By Carol Johnson - posted Thursday, 14 February 2008

Labor’s rather confusing attitude to the ACT same-sex civil unions Bill became a little clearer in an interview with federal Attorney General Robert McClelland published in The Australian on February 7. McClelland is reported to have said that the “ceremonial aspects of the ACT’s civil unions model were unacceptable”.

He went on to suggest that the Federal Government would be prepared to endorse a watered-down form of so-called “civil union” that appeared to be little more than an existing state and territory based registration scheme akin to that in Tasmania.

Such registration schemes have removed a range of forms of discrimination. However, they are used to register not just same-sex unions but also a range of other, non-sexual interdependent relationships, which is why the religious right has often found them easier to accept than full civil unions for same-sex couples.

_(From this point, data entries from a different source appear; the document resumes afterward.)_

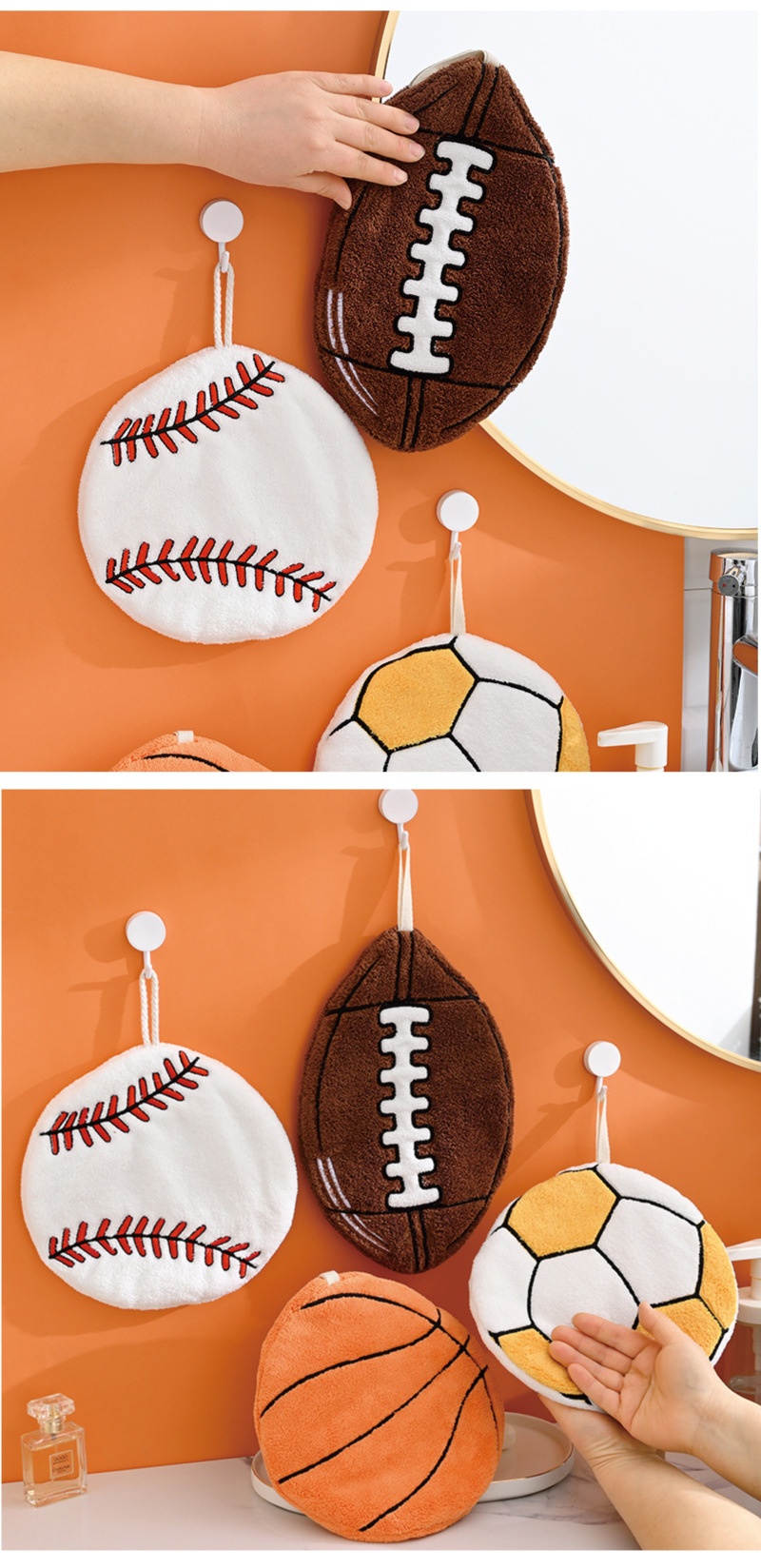 Lillian European And American Cross-Border Ball Hanging Hand Three-Layer Thickened Absorbent Coral Fleece Towel Kitchen_voghion.com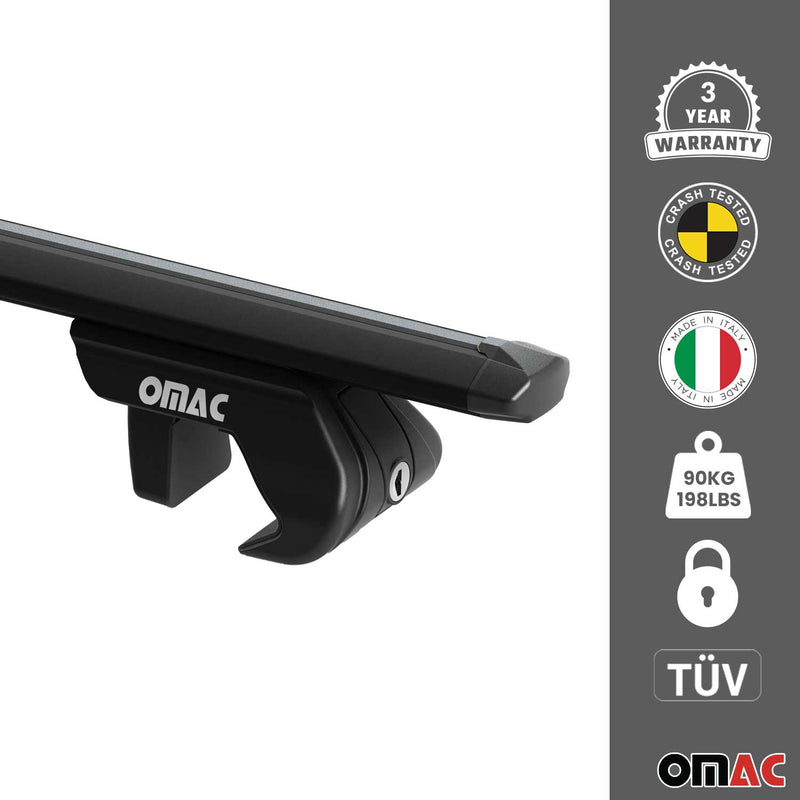 KIT Barres de toit trans+long pour Porsche Cayenne 2002-2010 Alu Noir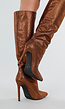 Bronzen Kniehoge Laarzen met All Over Strass en Hoge Naaldhak
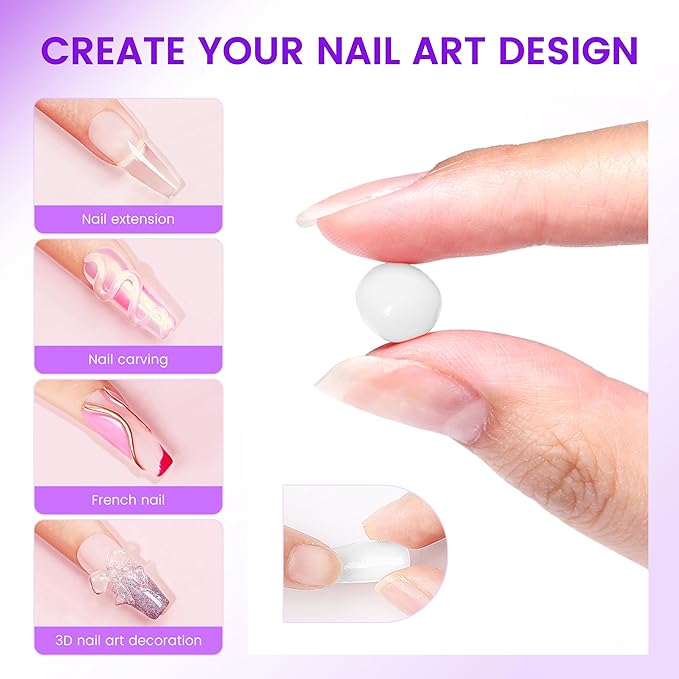AIJIMEI Solid Builder Gel for Nails, Hard Builder Gel Set 3.3OZ Nail Art Nail Extensions for Nails Strengthening Salon Use (White)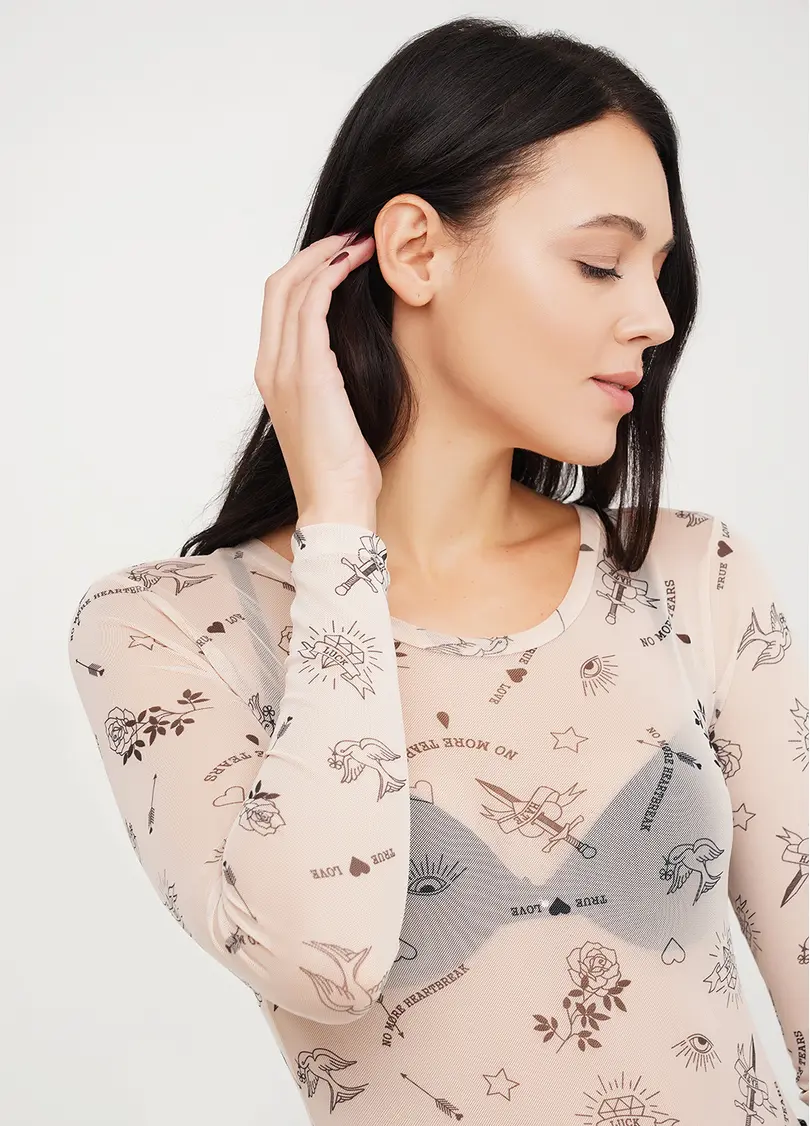 Боді з візерунком тату сітка Tatoo 3102/07 beige tatoo (бежевий)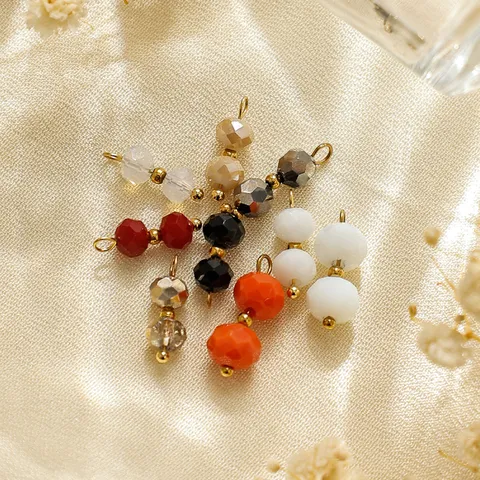 DIY Edelstahl Kristallperlen Anhänger Mehrfarbige Facettierte Glas Charms Für Halskette Armband Schmuckherstellung Zubehör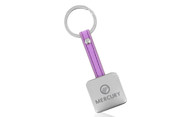 Mercury Square Shaped Keychain with Purple Leather Strap In a Black Gift Box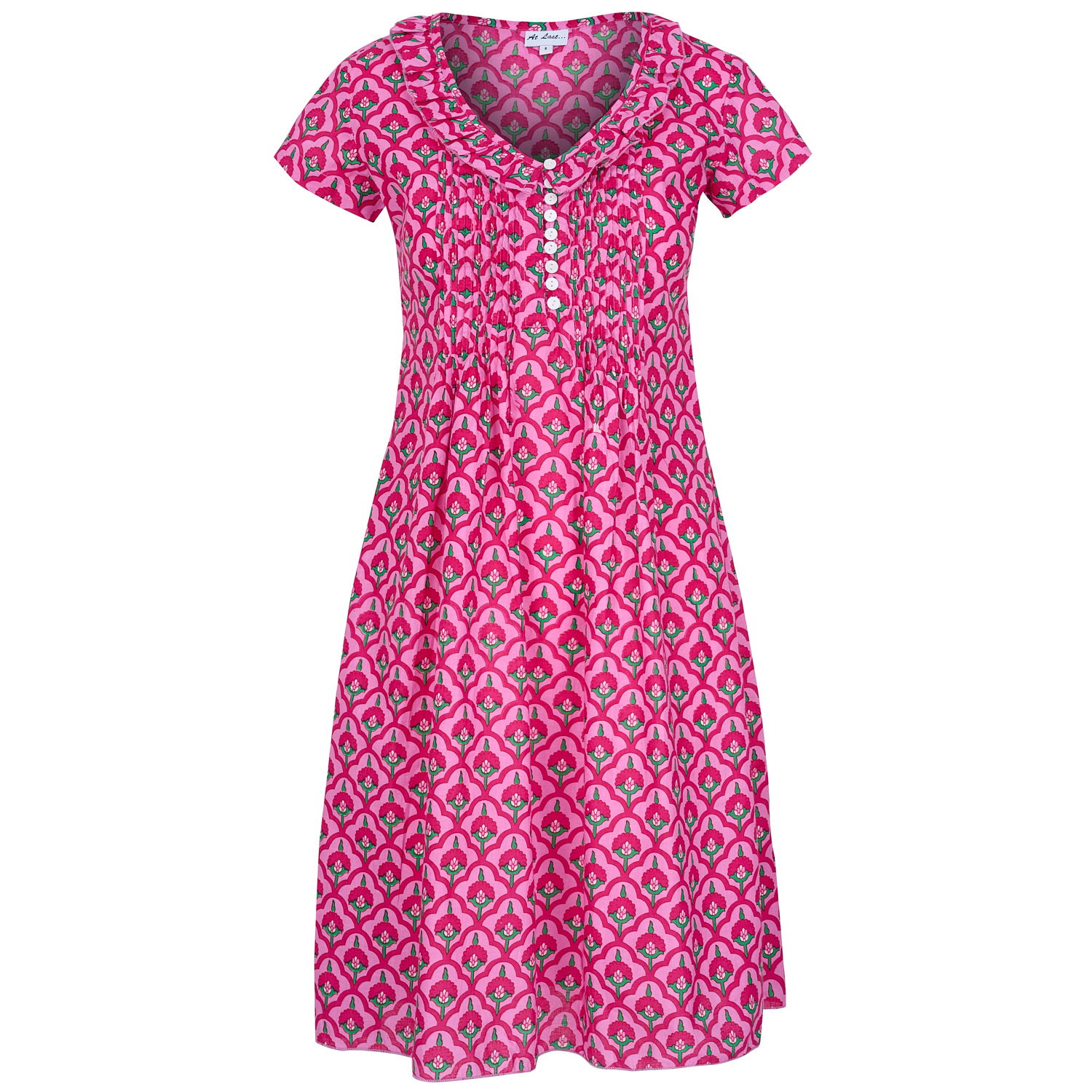 Cotton Karen Short Sleeve Day Dress In Pink Moroccan | At Last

In other words, federal Labor would prefer that civil unions stay in the closet, or as The Australian headline perceptively put it “Gay unions OK, just not in public”. It is usual for countries that have same-sex civil unions, such as Britain, to allow public ceremonies. Why then is this not the case in Australia?

McClelland’s statements regarding ceremonies are particularly significant given that the Howard government rejected the ACT’s 2006 same-sex Civil Unions Bill by claiming that its ceremonial features “mimicked marriage”. Gay and Lesbian activists were therefore very concerned when the ALP’s 2007 National Conference inserted a clause into the 2007 ALP National Platform and Constitution stating that Labor would “not create schemes that mimic marriage” and Labor made similar statements in response to an Australian Christian Lobby survey.

It is still not clear how Labor will respond if the ACT goes ahead and passes its bill, particularly given Rudd’s reported comments, in 2006 and 2007, that a Federal Labor government wouldn’t interfere with the states’ and territories’ rights to pass such legislation.

Nonetheless, the Australian Christian Lobby appears to believe that it had an undertaking from Labor to oppose ACT-style civil unions, as part of a 2007 election sweetener to the religious right. At the least, federal Labor appears to have promised to try to water down the ACT’s civil unions legislation, perhaps also to placate religious conservatives in its own ranks. (Note that it already appears that the ACT will continue to use the formal term "civil partnerships" - a linguistic re-badging of its civil unions originally introduced to try to get revised legislation past the Howard

However, Federal Labor needs to think very carefully about the implications of its opposition to including the option of a ceremony in a civil unions law.

To begin with, it is an extraordinary imposition on the civil rights of citizens. Imagine the outcry if Federal, State and Territory governments tried to prevent specific ethnic or religious groups having ceremonies incorporated into civil or religious heterosexual marriages? Would that type of government interference be considered acceptable for other groups of citizens? Labor supported Howard when he made same-sex marriage illegal, now Labor is also trying to seriously circumscribe the lesser form of union that some countries such as Britain (where same-sex marriage is also illegal) have been prepared to offer gay and lesbian citizens precisely because they can’t marry.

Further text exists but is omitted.